WHAT YOU SHOULD DO
Among the records that follow, find the line with "METHOD OF IMPLANTING" and the line with "Image no. 1". Set down those lines and all lines between them exactly, without adding anything.

PROVIDED ENTRIES
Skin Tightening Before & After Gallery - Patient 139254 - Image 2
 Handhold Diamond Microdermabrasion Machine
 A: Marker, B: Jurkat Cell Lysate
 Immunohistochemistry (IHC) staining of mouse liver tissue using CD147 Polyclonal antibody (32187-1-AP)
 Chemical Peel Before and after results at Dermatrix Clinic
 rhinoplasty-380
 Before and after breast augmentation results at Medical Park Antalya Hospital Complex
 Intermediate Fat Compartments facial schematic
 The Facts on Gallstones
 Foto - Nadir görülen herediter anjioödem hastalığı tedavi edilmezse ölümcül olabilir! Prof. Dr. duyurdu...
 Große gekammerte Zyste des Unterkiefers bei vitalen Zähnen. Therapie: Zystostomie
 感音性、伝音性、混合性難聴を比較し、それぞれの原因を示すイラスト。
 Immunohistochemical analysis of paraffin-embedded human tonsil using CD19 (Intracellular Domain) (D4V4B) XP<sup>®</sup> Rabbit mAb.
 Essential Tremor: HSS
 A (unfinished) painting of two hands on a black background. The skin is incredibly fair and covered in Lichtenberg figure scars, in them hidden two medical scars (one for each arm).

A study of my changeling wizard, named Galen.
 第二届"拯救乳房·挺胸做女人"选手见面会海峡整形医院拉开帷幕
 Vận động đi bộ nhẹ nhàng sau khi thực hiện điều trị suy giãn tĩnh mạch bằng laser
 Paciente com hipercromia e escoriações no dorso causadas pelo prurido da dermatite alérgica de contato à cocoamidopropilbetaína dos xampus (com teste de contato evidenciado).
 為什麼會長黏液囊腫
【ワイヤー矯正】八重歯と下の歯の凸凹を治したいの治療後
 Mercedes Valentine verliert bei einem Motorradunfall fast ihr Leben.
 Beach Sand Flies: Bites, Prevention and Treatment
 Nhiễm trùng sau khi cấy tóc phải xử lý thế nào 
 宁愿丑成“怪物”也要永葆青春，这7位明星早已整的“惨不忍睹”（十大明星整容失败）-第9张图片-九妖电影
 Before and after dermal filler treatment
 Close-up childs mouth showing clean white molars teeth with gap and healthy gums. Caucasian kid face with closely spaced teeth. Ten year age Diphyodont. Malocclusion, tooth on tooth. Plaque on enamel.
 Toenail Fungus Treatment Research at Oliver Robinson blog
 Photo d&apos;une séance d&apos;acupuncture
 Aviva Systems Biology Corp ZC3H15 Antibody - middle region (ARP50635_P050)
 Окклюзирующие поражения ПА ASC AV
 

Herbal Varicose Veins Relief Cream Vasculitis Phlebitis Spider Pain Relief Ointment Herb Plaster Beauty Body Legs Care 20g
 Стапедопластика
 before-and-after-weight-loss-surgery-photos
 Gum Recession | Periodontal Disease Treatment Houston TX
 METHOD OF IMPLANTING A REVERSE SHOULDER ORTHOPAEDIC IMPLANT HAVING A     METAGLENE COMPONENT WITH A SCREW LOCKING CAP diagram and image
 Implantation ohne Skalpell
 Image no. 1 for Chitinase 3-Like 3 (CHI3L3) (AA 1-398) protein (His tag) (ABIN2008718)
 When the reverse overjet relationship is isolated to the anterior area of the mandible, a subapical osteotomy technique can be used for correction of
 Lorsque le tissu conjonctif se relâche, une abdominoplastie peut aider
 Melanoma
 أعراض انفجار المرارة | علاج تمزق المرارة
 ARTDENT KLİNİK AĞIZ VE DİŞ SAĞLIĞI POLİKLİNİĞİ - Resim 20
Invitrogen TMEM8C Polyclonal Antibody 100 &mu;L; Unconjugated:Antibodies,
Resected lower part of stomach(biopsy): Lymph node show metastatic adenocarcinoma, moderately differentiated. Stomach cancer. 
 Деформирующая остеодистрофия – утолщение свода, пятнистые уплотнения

TASK SOLUTION
 METHOD OF IMPLANTING A REVERSE SHOULDER ORTHOPAEDIC IMPLANT HAVING A     METAGLENE COMPONENT WITH A SCREW LOCKING CAP diagram and image
 Implantation ohne Skalpell
 Image no. 1 for Chitinase 3-Like 3 (CHI3L3) (AA 1-398) protein (His tag) (ABIN2008718)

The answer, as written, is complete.